Kesehatan

Studi: Konsumsi Jus Buah juga Kopi Tingkatkan Risiko Stroke, Lebih Baik Teh

JAKARTA – Studi terbaru menemukan bahwa mengonsumsi jus buah , minuman bersoda, dan juga kopi dapat meningkatkan risiko stroke . Sedangkan, minum teh hitam juga teh hijau dapat menurunkan risiko ini.

Minum tujuh gelas air juga ditemukan terkait dengan berkurangnya risiko stroke. Temuan ini berasal dari dua analisis proyek penelitian Interstroke yang mana meneliti efek dari minum minuman bersoda, jus buah, lalu air, juga minum teh dan juga kopi.

Temuan terkait jus buah serta minuman bersoda dipublikasikan di tempat Journal of Stroke.
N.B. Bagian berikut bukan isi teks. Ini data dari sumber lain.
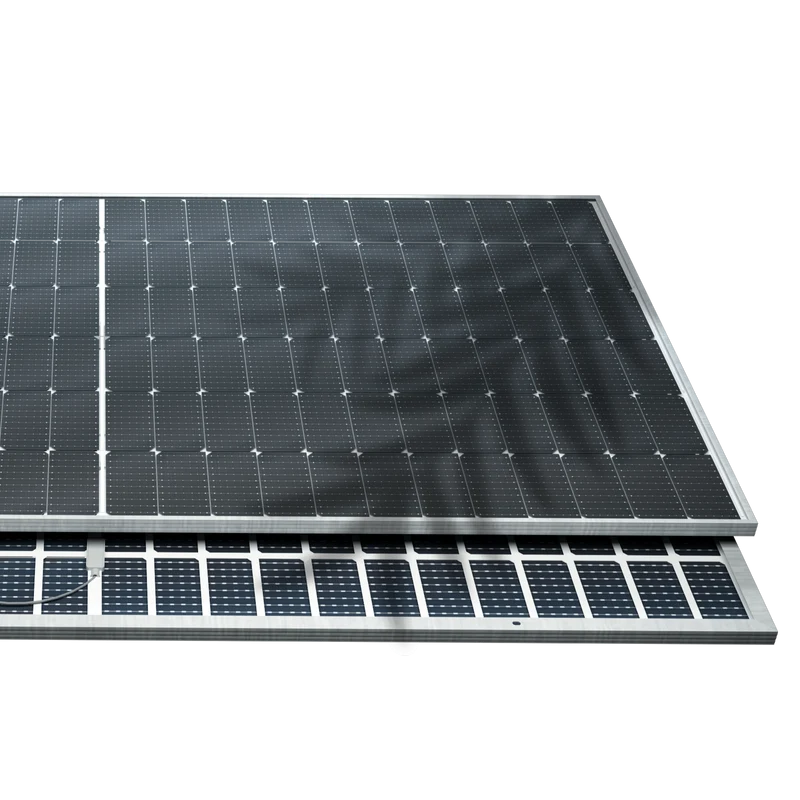 Elios Voltaic 600HC-BF | 600W Bifacial Solar Panel, N-Type, Half-Cell, 30mm Grey Frame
Sementara temuan terkait teh dan juga kopi dilaporkan di dalam International Journal of Stroke. Para peneliti menemukan bahwa minum lebih besar dari empat cangkir kopi per hari meningkatkan risiko stroke, sedangkan jumlah agregat teh yang tersebut sebanding dapat menurunkan risiko tersebut.
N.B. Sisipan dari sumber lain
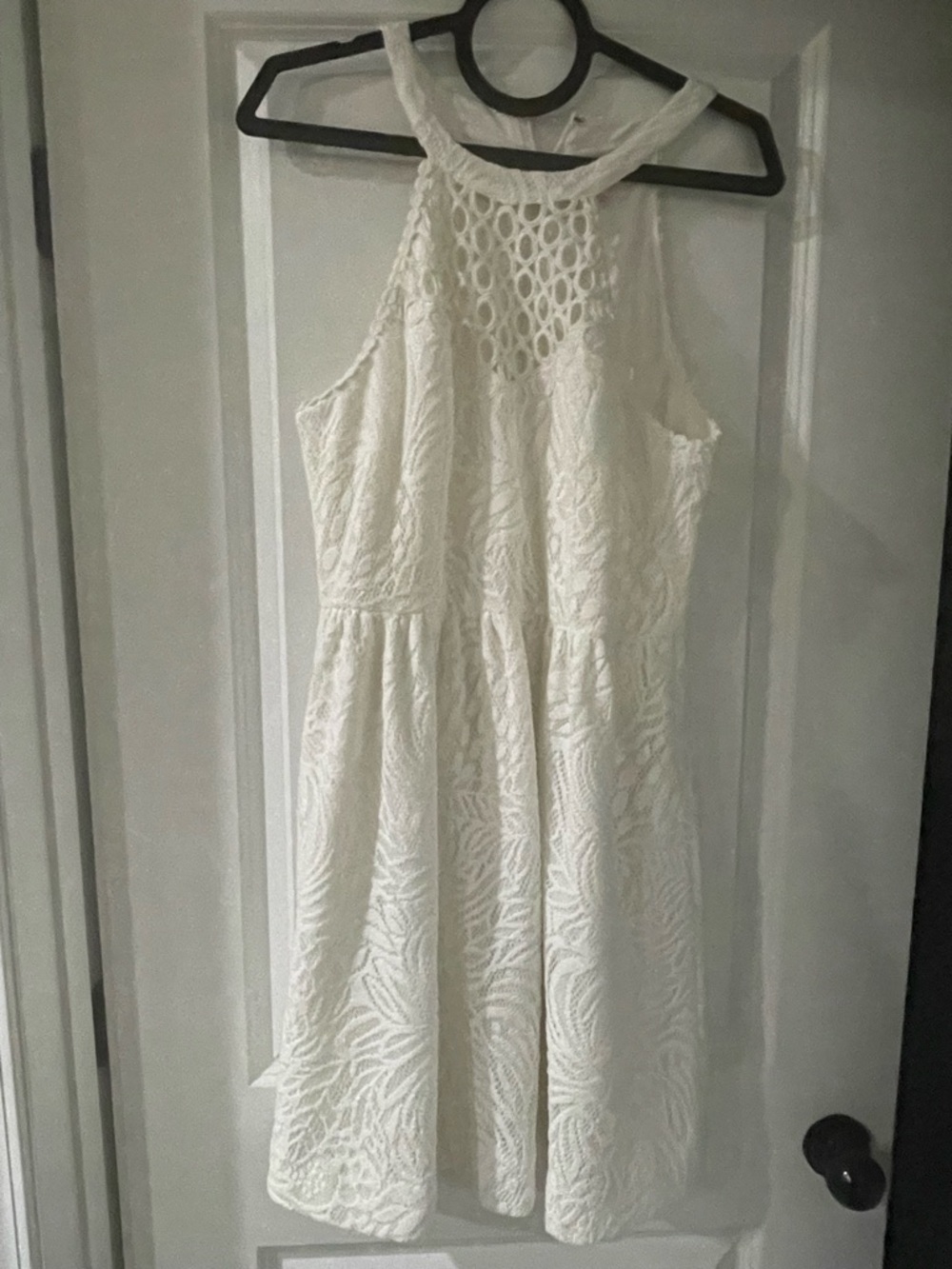 Lilly Pulitzer White Crochet Halter Midi Dress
Dalam satu analisis, para peneliti menemukan bahwa minum hingga satu minuman berkarbonasi per hari, baik yang dimaniskan dengan gula atau pemanis buatan dikaitkan dengan peningkatan risiko stroke secara keseluruhan sebesar 22 persen. Risiko yang disebutkan meningkat tiga kali lipat ketika dua dari minuman ini dikonsumsi per hari.

Studi yang disebutkan mencatat bahwa peningkatan risiko stroke berasal dari sejumlah komoditas yang mana dipasarkan sebagai jus buah mempunyai zat konsentrat. Ini adalah merupakan gula tambahan, juga substansi pengawet yang dimaksud tinggi, yang mana dapat menghilangkan faedah yang mana terkait dengan buah segar, kemudian meningkatkan risiko stroke.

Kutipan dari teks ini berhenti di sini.